Knight's TaleTonight I toasted Heath Ledger’s short life and tragic death with a martini in the presence of other moms my age. We gathered for our bi-weekly book group, but I couldn’t help bringing up the day’s news to not only gauge the impact of this actor’s death but to vent my own sorrow around his passing.

So, yeah, a celebrity death. We hear about them regularly. For most of us, they’re not in the same league as say, a close relative dying, or even an old high school friend. But Heath Ledger belongs to a pantheon of celebrities whose deaths have struck a chord with me. More often than not they’re men who’ve crossed over into the mainstream just enough so that even me, a 45-year-old mom, mourns their passing. Heath is in good company. He’s preceded by the likes of other male celebrities whose deaths have saddened me over the years. Talented River Phoenix (actor, OD), sexy Michael Hutchence (INXS lead singer, dead of auto asphyxiation), tragic Kurt Cobain (Nirvana lead singer, OD). I mourn their passing and not just for the obvious reasons—they leave behind small children or grieving wives, their careers have not yet reached their pinnacle, etc—I mourn their loss for a much baser reason: their lives, and they way they lived them on screen or on stage quickened my pulse. Yes, honestly, they all at some point became Class A “man candy” for me, and losing them is like losing a fantasy boyfriend. River Phoenix accompanied me through my youth, navigating coming of age sexual terrain in movies like My Own Private Idaho. Michael Hutchence exuded classic, testosterone driven Jim Morrison-eque rock n’ roll bravado. Kurt Cobain was the tortured, misunderstood artist.
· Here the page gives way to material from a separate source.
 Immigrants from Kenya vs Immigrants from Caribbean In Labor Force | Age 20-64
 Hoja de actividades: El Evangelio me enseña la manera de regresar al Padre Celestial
And now Heath. The actor who caught my attention in a silly little film called A Knight’s Tale, about a confident and sexy young knight who earns undying friendship from his peers, the love of his lady, and the respect of his king, all in a sweet comedy with a fun soundtrack. And then years later he reappears on my radar in his full Oscar-worthy glory, in Brokeback Mountain, as a young cowboy bravely pushing sexual boundaries and manning his way through a hold-your-breath ass-fucking scene worthy of any porn on record. That cemented him in my man candy hall of fame. He took chances, he was bold, unafraid, and just plain hot as a gay cowboy. Heath wasn’t just your typical Ivy League or macho man stereotype (neither Brad Pitt or The Rock are on my man candy short list), he was something special. Someone who made me look at men in a new way—even if in that looking, I stopped intellectualizing and just enjoyed Heath in all his erotic glory.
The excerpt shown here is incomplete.